Studies show that how you remind yourself of things you need to do is crucial.

Posted Aug 02, 2016

Jasminko Ibrakovic/Shutterstock
Source: Jasminko Ibrakovic/Shutterstock

We've all had the experience of intending to do something and then forgetting when the time comes. You may leave work planning to pick up milk and realize as you pull into your driveway at home that you forgot. Or you aim to make a small repair at your home over the weekend and only remember the following week that you never got around to it. 

One reason you forget to complete an action you intend to do is that you are not reminded to do it. As a result, when the opportunity arises for you to complete a goal, you just don't think of the action.

How can you learn to do better?

A great evidence-based suggestion comes from a paper by Todd Rogers and Katherine Milkman in the July 2016 issue of Psychological Science. The researchers propose that the inclusion of distinctive reminders to perform an action will increase people’s tendency to follow through on their intentions. As one test of this possibility, study participants were told that as they left the study they would see a basket of paperclips. If they picked up a paperclip and took it with them, one dollar would be donated to a food bank. Half of the participants were also shown a picture of a distinctive elephant statue and were told that the statue would be near the basket of paper clips. The other half of the participants were not told about the statue, although it was still near the basket when they left. 

Overall, 74 percent of the participants who were told about the elephant statue took a paper clip—but only 42 percent of those who were not told about the statue took one. Being told about a distinctive reminder helped people achieve a goal.

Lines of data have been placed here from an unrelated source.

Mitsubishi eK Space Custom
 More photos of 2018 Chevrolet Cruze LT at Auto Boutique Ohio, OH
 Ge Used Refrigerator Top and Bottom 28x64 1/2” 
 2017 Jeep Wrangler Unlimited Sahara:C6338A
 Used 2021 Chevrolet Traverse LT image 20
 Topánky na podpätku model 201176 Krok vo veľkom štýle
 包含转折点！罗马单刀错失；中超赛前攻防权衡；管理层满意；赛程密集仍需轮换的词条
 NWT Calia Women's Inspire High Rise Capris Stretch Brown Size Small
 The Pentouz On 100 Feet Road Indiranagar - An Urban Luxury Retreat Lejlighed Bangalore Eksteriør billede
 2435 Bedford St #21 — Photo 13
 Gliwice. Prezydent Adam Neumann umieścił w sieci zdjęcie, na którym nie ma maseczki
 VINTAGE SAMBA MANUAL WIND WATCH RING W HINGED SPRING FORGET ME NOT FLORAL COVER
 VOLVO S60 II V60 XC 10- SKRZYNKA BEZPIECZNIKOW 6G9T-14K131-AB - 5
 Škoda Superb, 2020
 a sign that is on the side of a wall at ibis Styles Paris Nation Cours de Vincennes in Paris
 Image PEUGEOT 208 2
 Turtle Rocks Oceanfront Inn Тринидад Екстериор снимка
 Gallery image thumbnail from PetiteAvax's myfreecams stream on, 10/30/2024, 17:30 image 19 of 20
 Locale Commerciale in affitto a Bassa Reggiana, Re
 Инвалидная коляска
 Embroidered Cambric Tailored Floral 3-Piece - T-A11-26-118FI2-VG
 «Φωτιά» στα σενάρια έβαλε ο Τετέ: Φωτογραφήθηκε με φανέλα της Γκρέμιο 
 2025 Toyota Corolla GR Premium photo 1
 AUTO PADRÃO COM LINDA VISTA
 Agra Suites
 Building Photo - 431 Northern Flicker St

This finding was replicated and extended in several other studies. One study observed a similar effect in a real-world study involving the use of a coupon at a coffee shop several days after the coupon was given out. Another study told participants completing an online survey that if they gave a particular answer to a question on the twelfth page of a survey, money would be donated to charity. Participants were told that this page of the survey would have a particular cartoon elephant on it. In that study, every page had a cartoon animal, but for some participants, only the twelfth page had a cartoon elephant. For this group, 74 percent of participants made the response that enabled the charitable donation. For another group, every page of the survey had a cartoon elephant, but only the twelfth page had the particular cartoon elephant that signaled the response for charity. Only 53 percent of participants in this group made the necessary response. The study suggests that when the cue is distinctive, it does a better job of reminding people of the action they need to take.

Another study examined whether people are aware of the benefit of these distinctive cues. In this study, participants received a 60-cent bonus if they chose a particular response to a question on page 11 of the survey. Some participants were told that there would be a picture of an elephant on the page; others were not given any reminder. As in the previous studies, participants were much more likely to make the bonus response if they had a distinctive cue.

A different group was given the option of having a picture of an elephant on the page. Almost all participants elected to have this picture placed on the page, and almost all of these participants received the bonus. A final group was asked whether they would pay three cents to place the elephant on the page—three cents being worth much less than the bonus. But only about half of the participants elected to pay the money to place the reminder—and in the end, fewer participants in this group obtained the bonus payment.

This study suggests that while reminders are very effective, many people are unaware of how effective they are. As a result, they are not willing to pay for a reminder that will help them later.

This set of studies suggests that when you have something you need to accomplish at a later time, you should place a distinctive reminder for yourself. The best reminder is something that is easy to notice so that it will be obvious at the time you need to carry out the action. It is even worth expending extra effort or money to make sure that you have the reminder in place.